Once you are all set, it’s time for a dive into the healing waters. Check the map to make sure you tried all the wonders of the spa complex: you have altogether 12 pools and many other facilities to explore. If you need an insider’s trick to navigate, keep in mind that the layout of the pools is symmetric in the building: each indoor pool has its pair on the other side of the room.
If you are visiting Gellért Bath during the summer, make sure to secure a sunbed for yourself on the sunbathing terrace. Simply put your towel on a sunbed, and you will have it for the rest of your stay.
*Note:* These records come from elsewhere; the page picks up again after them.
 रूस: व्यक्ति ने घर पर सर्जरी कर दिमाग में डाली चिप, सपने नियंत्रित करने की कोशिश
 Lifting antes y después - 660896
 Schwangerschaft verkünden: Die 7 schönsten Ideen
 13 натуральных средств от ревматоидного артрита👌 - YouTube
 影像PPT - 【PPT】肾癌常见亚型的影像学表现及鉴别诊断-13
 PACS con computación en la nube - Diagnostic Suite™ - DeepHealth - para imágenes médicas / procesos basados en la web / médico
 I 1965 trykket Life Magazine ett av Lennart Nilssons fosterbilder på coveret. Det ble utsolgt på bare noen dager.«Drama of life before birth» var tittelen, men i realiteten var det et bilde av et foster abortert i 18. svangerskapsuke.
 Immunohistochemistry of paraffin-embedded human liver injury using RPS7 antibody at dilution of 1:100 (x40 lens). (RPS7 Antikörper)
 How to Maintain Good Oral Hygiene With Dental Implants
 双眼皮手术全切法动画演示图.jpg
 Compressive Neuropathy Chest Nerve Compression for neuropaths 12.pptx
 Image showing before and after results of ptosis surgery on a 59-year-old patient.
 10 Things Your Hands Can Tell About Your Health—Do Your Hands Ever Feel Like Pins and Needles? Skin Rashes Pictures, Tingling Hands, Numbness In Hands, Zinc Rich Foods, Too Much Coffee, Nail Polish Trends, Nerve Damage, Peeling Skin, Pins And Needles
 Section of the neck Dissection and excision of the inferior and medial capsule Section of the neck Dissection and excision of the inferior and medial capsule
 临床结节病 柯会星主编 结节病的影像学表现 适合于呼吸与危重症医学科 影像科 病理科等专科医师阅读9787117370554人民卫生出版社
- Indoor medical pools: water temperature: 35-40°C, water depth: 1.2 m
- Indoor swimming pool: water temperature: 27°C, water depth: 0.8-2 m
- Outdoor thermal pool: water temperature: 36°C, water depth: 1 m
- Outdoor wave pool (seasonal): 26°C, water depth: 0.4-2.75 m
- 5 hot air chambers with 50°C, 60°C, 70°C, and 80°C
- 2 stream rooms with 43°C
- Outdoor Finnish sauna with 80-90 °C
- Various types of classic and premium massages for individuals and couples
- Private bathing: share a thermal bathtub with your loved one and enjoy the exclusive experience in the tub covered with valuable Zsolnay tiles and Tardos marble. There is an adjoining private sauna for you to use, and a fruit bowl and delicious champagne are also provided.
The water is hot spring water with calcium, magnesium, and hydrogen-carbonate, as well as sulphate-chloride, sodium and a significant amount of fluoride ions.
Gellért Bath has a separate entrance other than the front gate of the Hotel Gellért. To find Gellért Bath, use the side entrance from Kelenhegyi street (by the side of Gellért Hill).
Gellért Bath is located at St. Gellért square, which is reachable by metro, tram, bus or on foot. The newest metro, line 4 (the green line) stops just a few steps from the entrance. T10he tram stop at Gellért Bath is a busy junction with six different trams stopping there: tram Nr. 18, 19, 41, 47, 48 and 49. You can also take bus Nr. 7, 7A, or 86. Alternatively, you can take a stroll on the Liberty Bridge from the Pest side.
There are several famous attractions in the neighborhood of Gellért Bath that you should check out: the Gellért Hill, the Cave Church, the Liberty Statue and the Citadel on the Buda side, while the Great Market Hall and the main shopping street, Váci utca on the Pest side. Happy wandering!
- Where is Gellért Bath in Budapest?
- Located between Gellért hill and Liberty Bridge on St. Gellért square, Gellért Bath is part of the prestigious Hotel Gellért but also operates separately as a thermal spa with a separate entrance.
- What are the main features of Gellért Bath?
- Gellért Bath includes a total of 12 pool units including 2 effervescent bath sections, outdoor pools, and 8 thermal baths pools. Besides pools, Gellért Bath has saunas and steam rooms and offers medical and beauty treatments, as well.
- What are the entrance fees of Gellért Bath?
- On weekdays the adult ticket is between 5,900-6,300 HUF (with a locker/cabin), while on weekends and holidays, it is between 6,100-6,500 HUF, which is approx. 16-18 euros.